◆ Data excerpt
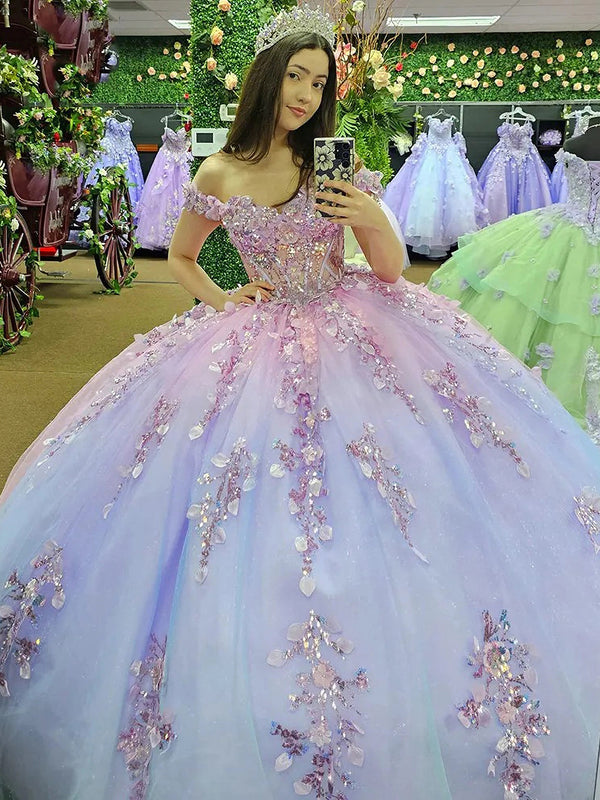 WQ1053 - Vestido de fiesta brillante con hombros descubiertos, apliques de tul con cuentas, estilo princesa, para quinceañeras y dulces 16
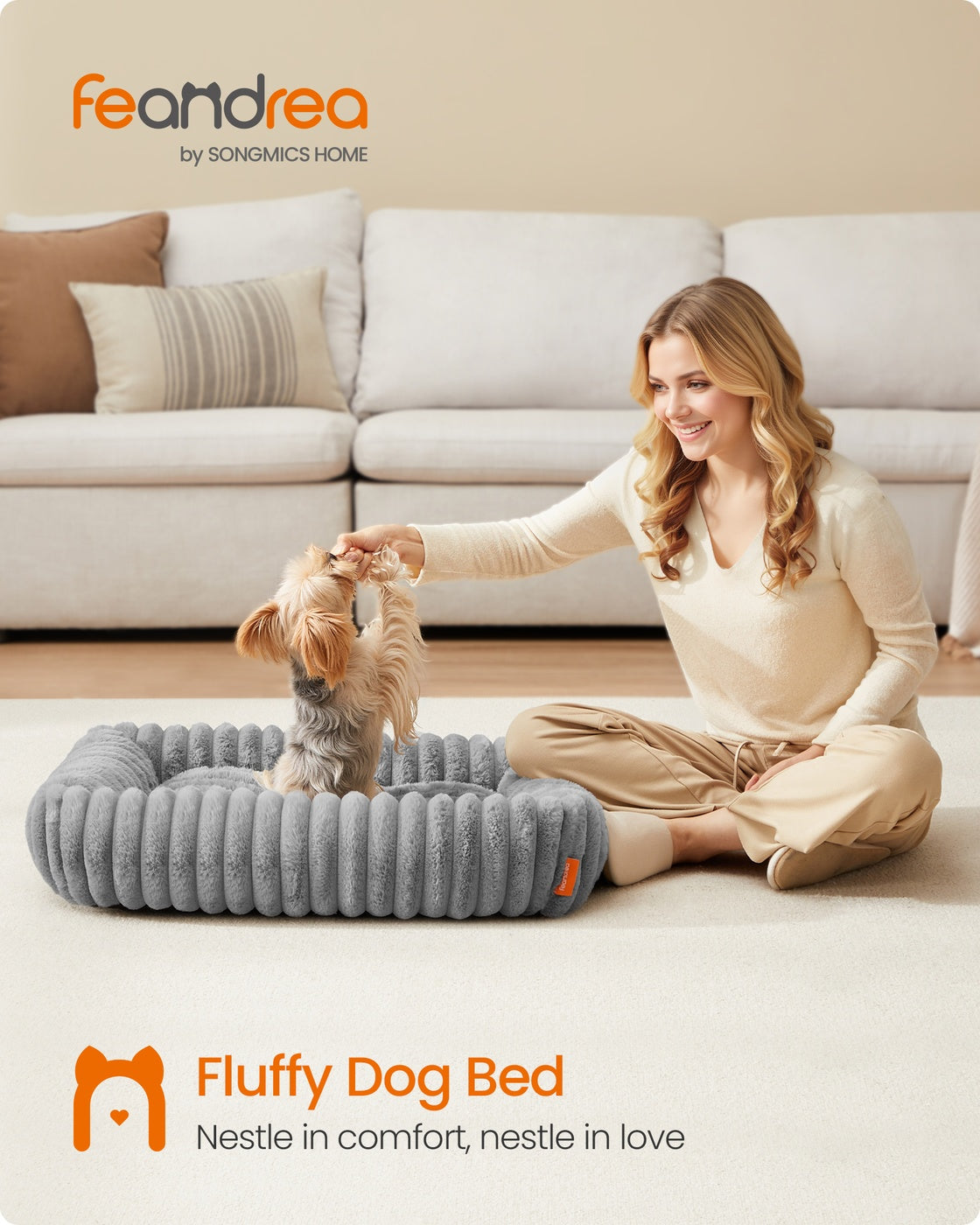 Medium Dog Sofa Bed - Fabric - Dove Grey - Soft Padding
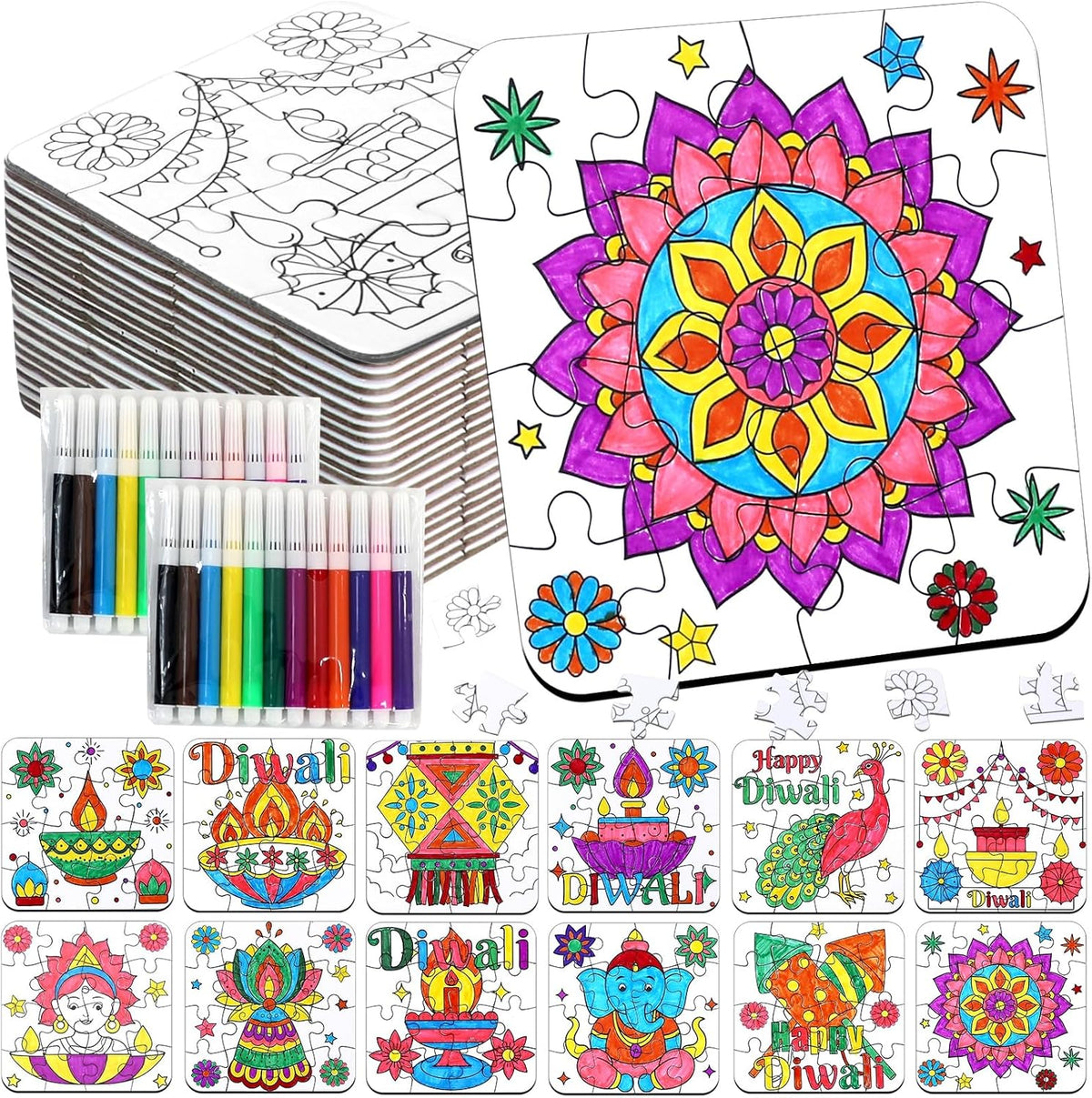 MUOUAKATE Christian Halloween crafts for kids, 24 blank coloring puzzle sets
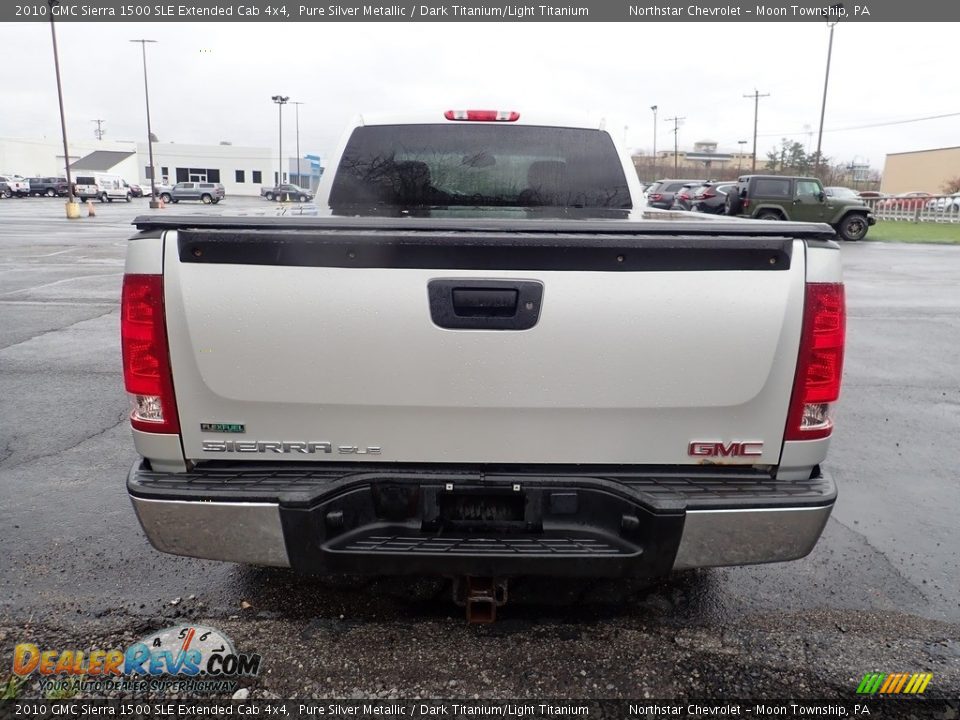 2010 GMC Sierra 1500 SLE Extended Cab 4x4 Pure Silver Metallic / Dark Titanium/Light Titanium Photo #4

◆ Work order
In the copy, omit the pictures and give every line of the data exactly.

◆ Task solution
 WQ1053 - Vestido de fiesta brillante con hombros descubiertos, apliques de tul con cuentas, estilo princesa, para quinceañeras y dulces 16
 Medium Dog Sofa Bed - Fabric - Dove Grey - Soft Padding
 MUOUAKATE Christian Halloween crafts for kids, 24 blank coloring puzzle sets
 2010 GMC Sierra 1500 SLE Extended Cab 4x4 Pure Silver Metallic / Dark Titanium/Light Titanium Photo #4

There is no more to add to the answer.